The purpose of creating a cyber protection policy for your small business is to outline the resources and actions you need to protect your data and make sure your business can continue operating if the worst happens.
As a result, your staff will be better informed and able to take appropriate action to prevent attacks. Your customers or clients will also feel reassured that they're working with a company that takes data protection and online security threats seriously.
To make sure cyber security policies become a part of your business's culture, you should:
document them thoroughly
support them with schedules and checklists to make sure the new processes are implemented and that staff are aware of their responsibilities
Here is a cyber security policy template to get you started.
A simple but effective security measure is to restrict access permissions to shared files and essential applications. This is called access control.
You should only provide access to those employees who need it for their work. By the same token, you should revoke that access when the staff member no longer needs it. This means that no-one should have blanket admin privileges based purely on their seniority within the business.
Limiting physical access to facilities and other physical assets (for example, a key card to unlock a door)
Implementing best practices when sharing documents with people outside the business
Establishing processes for revoking access as soon as an employee leaves or a contract ends with a freelancer or other third-party
Access control limits the risk of people without the proper authorisation getting access to your systems. It also forms a foundational part of information security, data security and network security.
Making sure all your data is backed up is particularly important for avoiding ransomware attacks.
A ransomware attack is when a hacker steals and encrypts your data and prevents you from accessing it. They then demand a fee to restore your access, and threaten to destroy the data if you don't pay.
With no guarantee that they'll return the data in a usable state, your business faces a dilemma and could end up paying a ransom and dealing with downtime it can't afford.
Cloud services such as Dropbox, Google Workspace and Microsoft Office 365 are popular options for backing up data. Not only does the cloud allow you access documents from anywhere, but the security these services offer is likely to be far more sophisticated, making them an affordable way to significantly improve data security.
Adding more points of entry to a network increases the potential risk of a breach because there are more angles for cyber criminals to exploit.

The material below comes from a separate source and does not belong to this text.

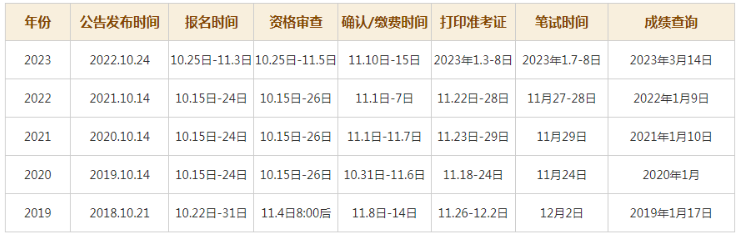 贵州药材APP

With that in mind, the recent shift towards non-traditional office working could be seen as a concern – though the concept of remote working has been growing in popularity for many years.
You should include a bring your own device (BYOD) policy in your data security best practices. This helps make sure that all employees maintain a high level of security on any device they use to access the company's documents and network – from installing security software to applying patches as soon as they are available.

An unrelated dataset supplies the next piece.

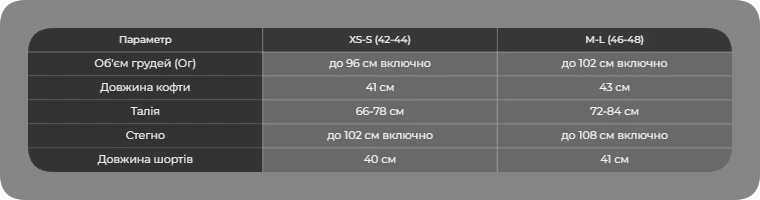 Таблиця розмірів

There are so many security tools available, it can be hard to identify which ones are essential and worthy of your investment. Here are some of the main tools to consider to keep your small business protected.
A VPN is an encrypted 'tunnel' through which your data can travel without third parties being able to view it or trace it back to your IP address.
Using a business VPN is extremely important for any modern company that has a flexible and mobile workforce. It helps protect your business data by keeping your company network and internet connections secure.
Since small businesses typically lack a large IT and cyber-security budget, VPNs are a low-cost solution, as they are cheap to set up and maintain.
A firewall is a vital first line of defence that provides a barrier between your network and cyber attacks. You should include it as a measure in any BYOD or remote working policies you create.
This important tool prevents unauthorised connections and malicious software from entering your network. It monitors incoming and outgoing traffic, and if a computer or program outside your network tries to gain access, it decides what to block or allow (according to the rules you've set up).
Again, this is very beneficial if your business has remote workers who need to securely connect to your network from outside locations.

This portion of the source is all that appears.